This season includes two magical new productions in the Royal Shakespeare Theatre, whilst the Swan Theatre sees the return of an Elizabethan classic and the stage premiere of a new play, plus a new Shakespeare touring production adapted for ages 8-13 years.
- Justin Audibert directs The Box of Delights in the Royal Shakespeare Theatre; based on the much-loved children’s novel by John Masefield, adapted by award-winning children’s author Piers Torday
- Olivier award-winning playwright Isobel McArthur (Pride and Prejudice*) (*sort of)) makes her RSC debut with a rollicking new adaptation of Thomas Heywood’sThe Fair Maid of the West in the Swan Theatre
- Eleanor Rhode returns to direct William Shakespeare’s A Midsummer Night’s Dream in the Royal Shakespeare Theatre.

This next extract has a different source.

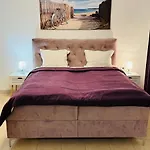 Villa Holiday Penzion Balčik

- World stage premiere production of Mark Ravenhill’s Ben and Imo directed by Erica Whyman to open in the Swan Theatre in Spring 2024; a witty and revealing play examining the creative relationship between Benjamin Britten and Imogen Holst
- The Merchant of Venice 1936 returns to the Swan Theatre for a limited run following its autumn sell out season; Watford Palace Theatre’s ground-breaking production of Shakespeare’s classic relocated to London’s East End. Directed by Brigid Larmour and featuring Tracy-Ann Oberman as Shylock
- First Encounters with Shakespeare 90-minute re-imagining of Romeo and Juliet, directed by Philip J Morris for 8–13-year-olds and their families, touring to schools and communities across the UK
Today (Thursday 1 June), Erica Whyman announced details of her final season of work as Acting Artistic Director of the Royal Shakespeare Company (RSC) ahead of her stepping down this month.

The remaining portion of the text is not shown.